The Agriculture Minister evaded answering a question over the government’s definition of a farmer and the number of farmers in India by that definition.

What happened in Parliament?

  • The question was posed in the Rajya Sabha by BJP MP Ajay Pratap Singh.
  • He also asked whether any survey had been conducted to find out the number of farmer families.
  • In a written response, the Agriculture Minister evaded giving any definition of a farmer.
  • He instead said that agriculture was a State subject.
  • He provided data on the number of agricultural landholdings.
  • He noted that the Centre provides income support to all farmer families who own cultivable land via the PM-KISAN scheme.
  • In the following discussion, MPs pointed out that the number of land holdings do not necessarily equate with the number of farming households.

What is the definition in the National Policy?

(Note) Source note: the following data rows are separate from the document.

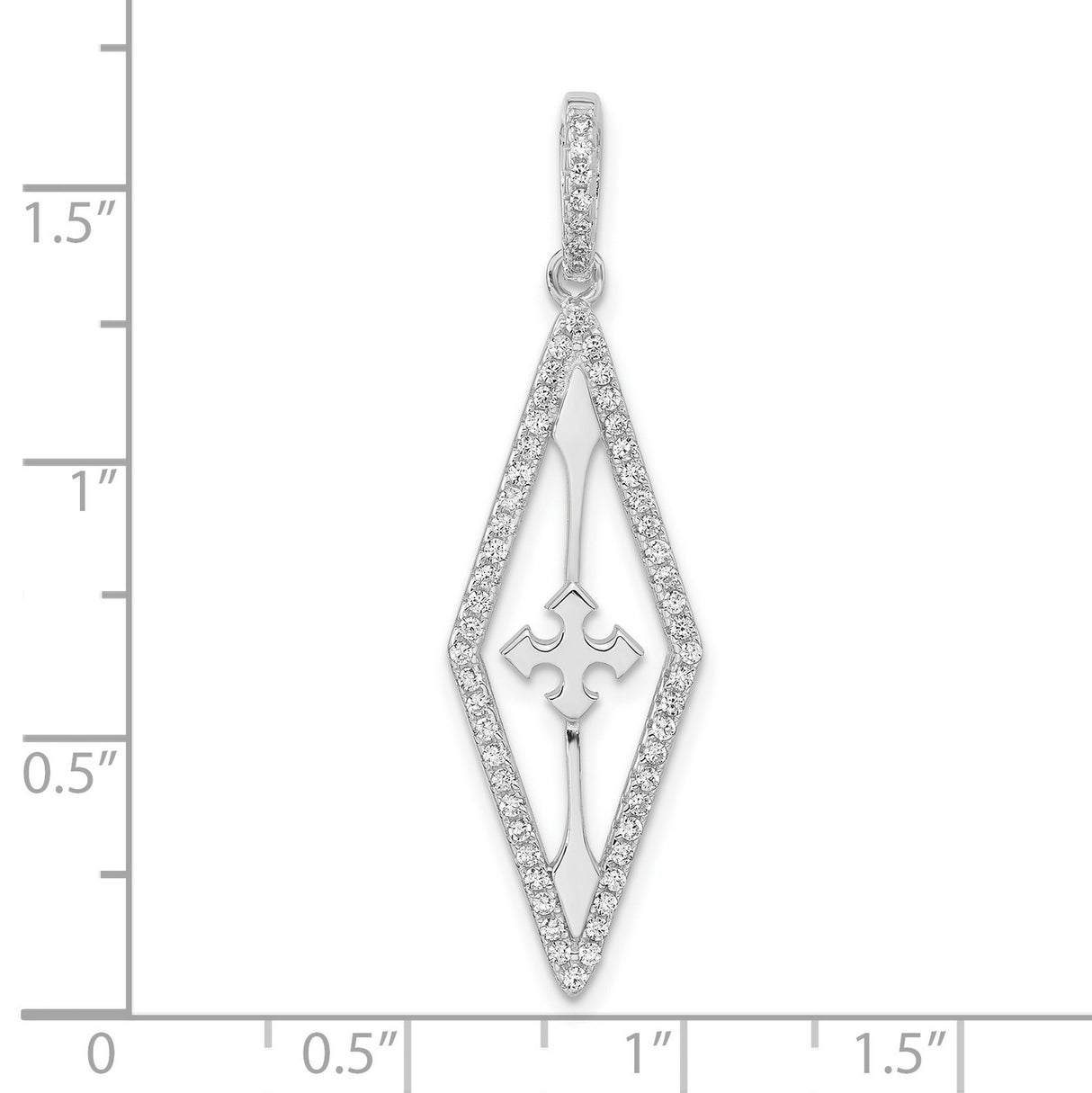 Sterling Silver Cross Pendant with Cubic Zirconia, Elongated Cut-Out Christian Design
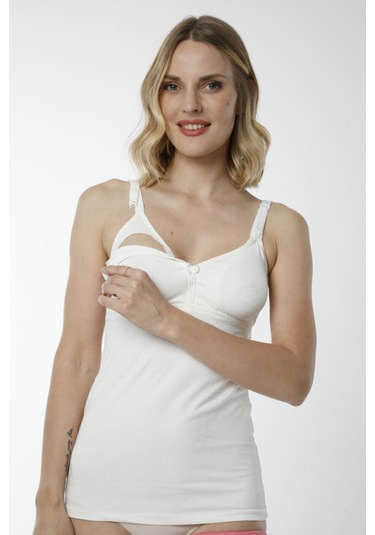 Hmd 2400 %100 Pamuk Askılı Emzirme Atleti - Ekru Ekru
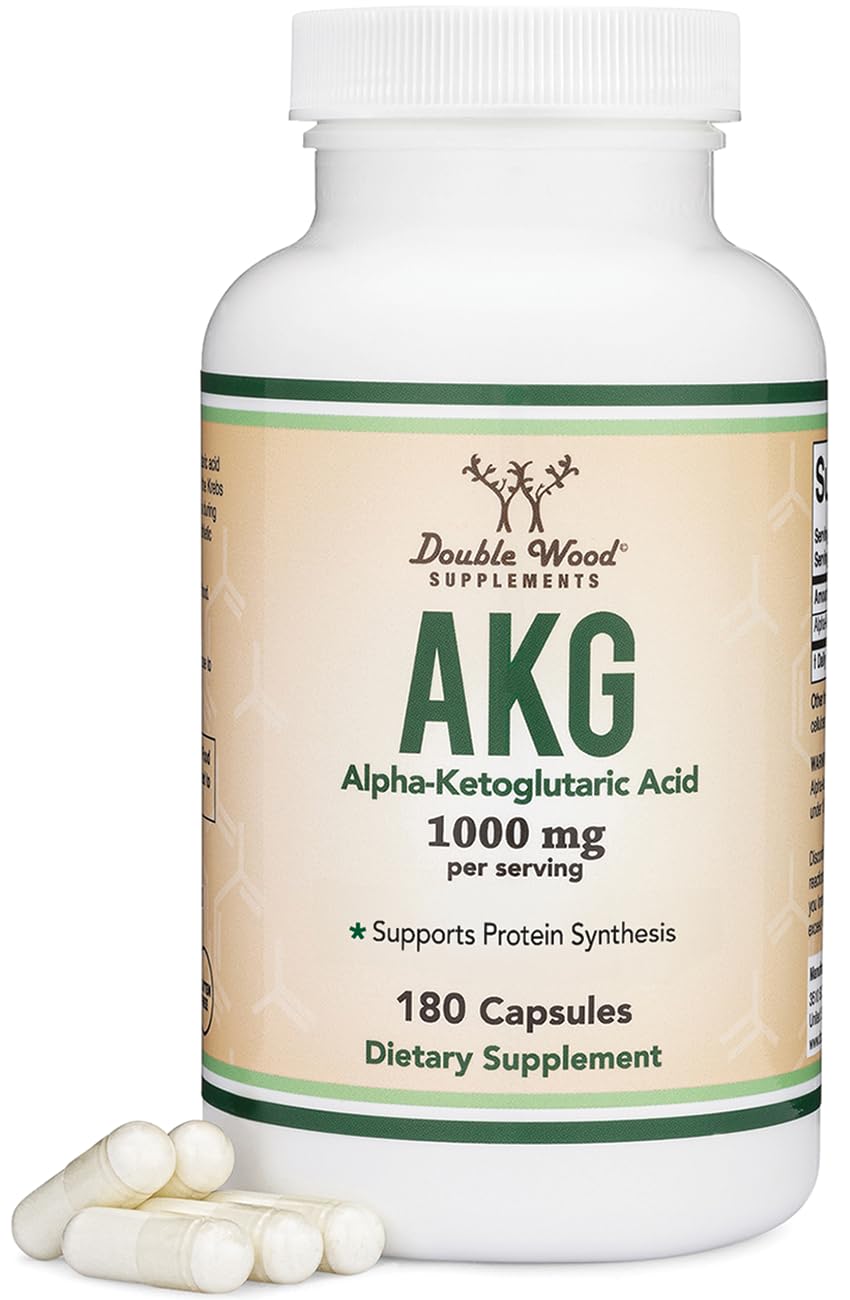 Double Wood AKG, botella de 1000 mg para apoyo diario.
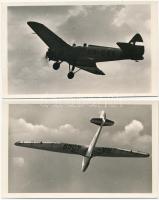 2 db modern magyar repülőgép: Kevély típusú teljesítménygép és Galamb iskola repülésre indul (Képzőművészeti Alap) / 2 modern Hungarian aircraft postcards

  • There is a clear and comprehensive definition available in the National Policy for Farmers.
  • [The policy emphasises the need to substantially increase the net income of farmers.
  • It also aims at developing support services for them, using that comprehensive definition.
  • It was drafted by the National Commission of Farmers headed by M.S. Swaminathan.]
  • The definition was officially approved by the Centre in 2007 following consultations with the States, for the purpose of the Policy.
  • Accordingly, the term ‘FARMER’ will refer to a person actively engaged in the economic and/or livelihood activity of growing crops.
  • It will also apply to those producing other primary agricultural commodities.
  • It will include all agricultural operational holders, cultivators, agricultural labourers, sharecroppers, tenants, poultry and livestock rearers, fishers.
  • Others include beekeepers, gardeners, pastoralists, non-corporate planters and planting labourers.
  • Besides these, those engaged in various farming related occupations such as sericulture, vermiculture and agro-forestry are also covered.
  • The term will also include tribal families/persons engaged in shifting cultivation and in the collection, use and sale of minor and non-timber forest produce.

What is in practice?

  • There is a deliberate attempt at avoiding this pre-existing official definition.
  • In practice, those who cultivate or work on the land but do not own it are excluded from the definition of farmers.
  • Thus, dairy farmers, fisherfolk, fruit and flower growers would not fit into it.
  • Also, landless agricultural workers who cultivate the land belonging to others would not come under it.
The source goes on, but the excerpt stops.